2023-02-19 09:38:48 | Weblog

アポ電を受けた方から聞いた話。ナンバー表示を確認せず電話にでてしまったが、相手の声は誰なのだろうかと考えると同時に頭の中は自分の知っている人の声に似ている、だからその人に違いないと決めつけようという気持ちが自然に働くというのだ。ここに騙されるポイントがありそうである。結果は、話をしているうちに疑問がわいて事なきを得たそうだが、スレスレだ。

 

『田中清玄 二十世紀を駆け抜けた快男児』(徳本栄一郎著 文芸春秋 2022年刊) 

近くの図書館の新刊コーナーから借りた。ご存知田中清玄の破天荒な一生を描いた血湧き肉踊るエンターテインメント作品だ。面白かった!星★★★★。読んでいてワクワク感が止まらなかった。久々のことだ。

本書は清玄氏の一生を追いかける。北海道七飯町生まれ、会津藩につながる。戦前は武装共産党のリーダー。獄中で「転向」。敗戦後すぐに昭和天皇に拝謁し、天皇を守るために働くことを誓う。変電所を破壊しようとする日共に対しアウトローたちを電源防衛隊として組織して闘う。1960年安保では長州出身の岸信介らと対峙した唐牛健太郎(北海道紋別市生まれ)全学連委員長らに逃走資金を援助。1960年代にその後のオイルショックを見通す中で中東における国産石油の採掘権を獲得。晩年は環境活動家。

新自由主義経済を唱えるハイエク氏と交流、オットー大公を通じて欧州の独自情報を昭和天皇に伝えるなど、傍から見ると右翼なのか左翼なのか、何が何だかわからなく見えるが、清玄氏の中では全くブレていない。
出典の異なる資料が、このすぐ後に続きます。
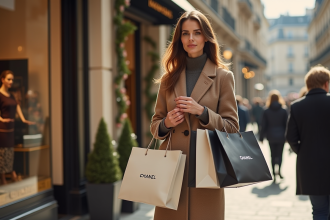 Femme élégante avec sacs Chanel devant boutique parisienne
この国のために働いているのだ。これと思ったら相手の懐に飛び込む。相手を惚れ抜く。噓をつかない。約束を守る。

山口組の田岡一雄とはマブダチだが、児玉誉士夫は売国奴であり許すことができない。日米安保条約は国を売る行為だから岸信介は許せないが、唐牛健太郎らブント全学連の安保反対闘争は国を守るためにやっているのだから可愛がった。そこに長州対会津の怨念も混じっている。日共はソ連に国を売っている。石油メジャーの言いなりではなくこの国自前の油田を開発し自主エネルギーを持つべきだ。岸信介を許せないという清玄氏はおそらく統一教会と岸信介の関係も知っていたのだろう。何がこの国にとって正しいのか、そして何をするべきなのか、その義に純粋に本気で殉じた人物といえよう。